Consistent with Beck and Clark (2009), we predicted that people would be more likely to offer support than to request identical support from potential friends. Offering support allows people to initiate friendships without risking much hurt should the offer be declined, whereas requesting support makes people vulnerable to having their needs ignored or rejected. We further predicted that the asymmetry between offering and requesting support would weaken or disappear with close friends, such that people would be as likely to request support as to offer identical support to close friends. At this point in the friendship, both partners should feel confident in one another’s care and regard and should no longer be concerned about risking rejection.

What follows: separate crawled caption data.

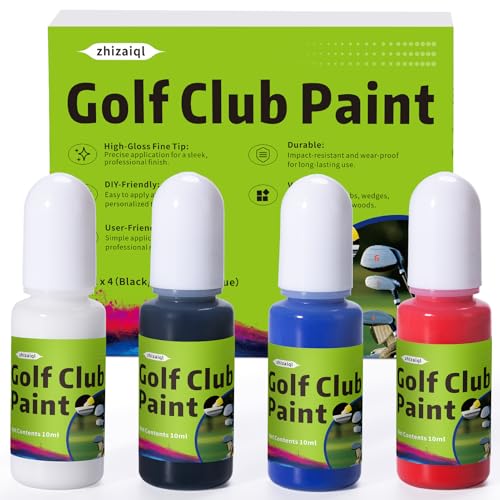 Golf Club Paint, Fill, Custom, Touch Up, Renovate Or Lettering Your Clubs, Golf Club Paint Fill Kit 4 Pack Of 10Ml Bottles, Red, Blue, Black, White Set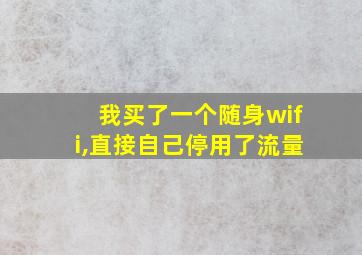 我买了一个随身wifi,直接自己停用了流量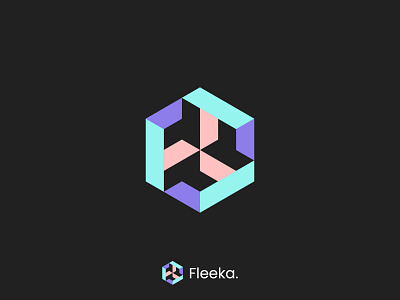 Fleeka Logo branding design business logo isometric logo logos logotype minimalist logo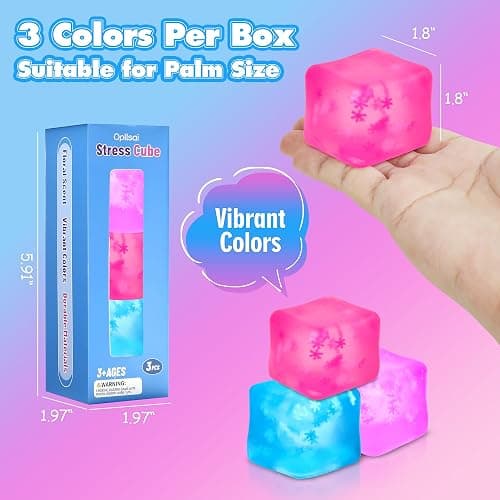 Fidget Toy Stress Cube 3 Pack,Cube Stress Ball with Snowflakes Inside,Mellow and Chill Touch,Classroom Prize Box Toys,Cube Squishies for Adults Kids Children Teens (Stress Cube 3 Pack) thumbnail 2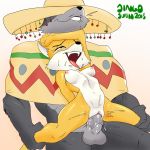  2018 ahegao anthro blush breasts canine captainjingo clothing digital_media_(artwork) duo female fox fur grey_fur hat hi_res looking_pleasured lt._fox_vixen male male/female mammal navel nipples nude open_mouth poncho pussy_juice sek_studios seungnyangi sex simple_background smile sombrero spread_legs spreading squirrel_and_hedgehog sweat tears tongue tongue_out vaginal white_background wolf yellow_fur 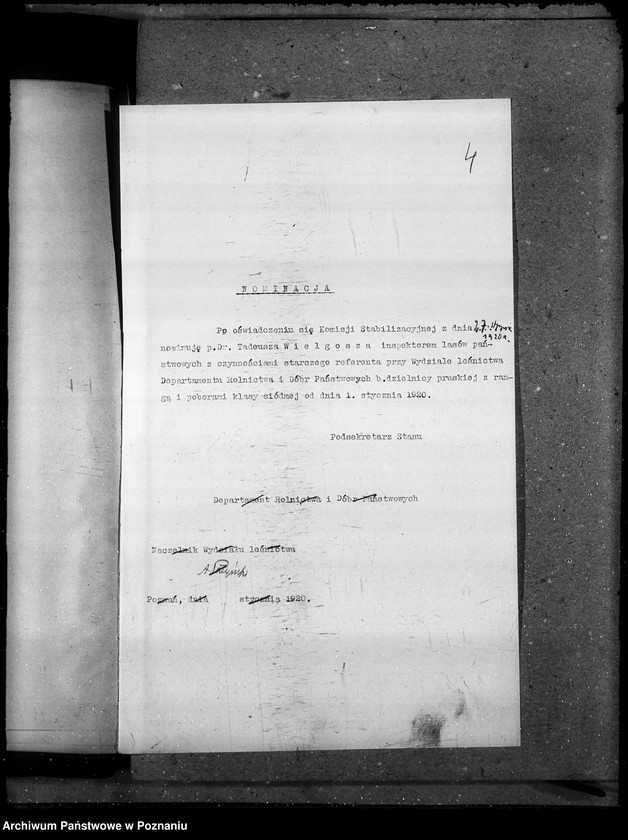 Obraz 8 z jednostki "Sprawy ogólne osobowe Departamenu Rolnictwa i Dóbr Państw. Wydział Leśny personalne ogólne"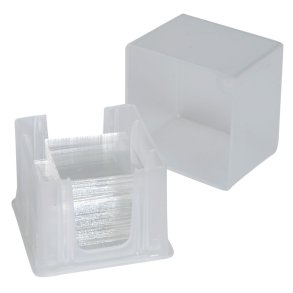 D�kglas, 18x18mm, borosilikatglas, engangs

Examining the developmental emergence of the asymmetry between offering and requesting support
The final goal of the present research was to explore the developmental emergence of the asymmetry between offering and seeking support by examining these processes among 4-year-old, 6-year-old, and 8-year-old children, as well as among adults. Prior research has not examined the emergence of this asymmetry, although the related developmental research reviewed above informed our predictions. Specifically, we predicted that 4-year-olds would not distinguish between potential and close friends when offering and requesting identical support and, indeed, might be relatively unlikely to offer support in the first place (see Birch & Billman, 1986; Fehr et al., 2008). In contrast, we predicted that 6-year-olds, and especially 8-year-olds, would differentiate between potential and close friends when offering and requesting support by being more likely to offer support than to request identical support from potential—but not close—friends.
Method
Participants
We tested 40 4-year-olds (23 female; 20 potential friends, 20 close friends; 15 same-sex pairs), 42 6-year-olds (22 female; 22 potential friends, 20 close friends; 17 same-sex pairs), 40 8-year-olds (28 female; 20 potential friends, 20 close friends; 14 same-sex pairs), and 56 college undergraduates (31 female; 28 potential friends, 28 close friends; 19 same-sex pairs). We recruited 4-year-old, 6-year-old, and 8-year-old participants through principals at local preschools and elementary schools in the Northeastern United States. If principals were interested in having their students participate, students’ parents or guardians were given consent forms to give permission for participation if they so chose. We recruited undergraduate participants through the psychology participant pool at a mid-sized national university in the Northeastern United States and through flyers posted around the university campus. Two undergraduate participants (one pair of potential friends) yielded no useable data due to an inadvertant failure to capture audio in their videotape.
Procedure
Children
We used teachers’ reports to identify potential friend and close friend pairs. We gave teachers a list of their students who had been given permission to participate in our study and asked them to indicate which students were friendly with one another, but were not yet close friends (i.e., potential friends), which students were close friends with one another (i.e., close friends), and which students did not get along well with one another. We used this information to randomly assign participants to work with a potential friend or a close friend within the same age group. Research assistants determined the potential friend and close friend pairs, which allowed the primary experimenter to remain unaware of the friendship condition to which participants had been assigned.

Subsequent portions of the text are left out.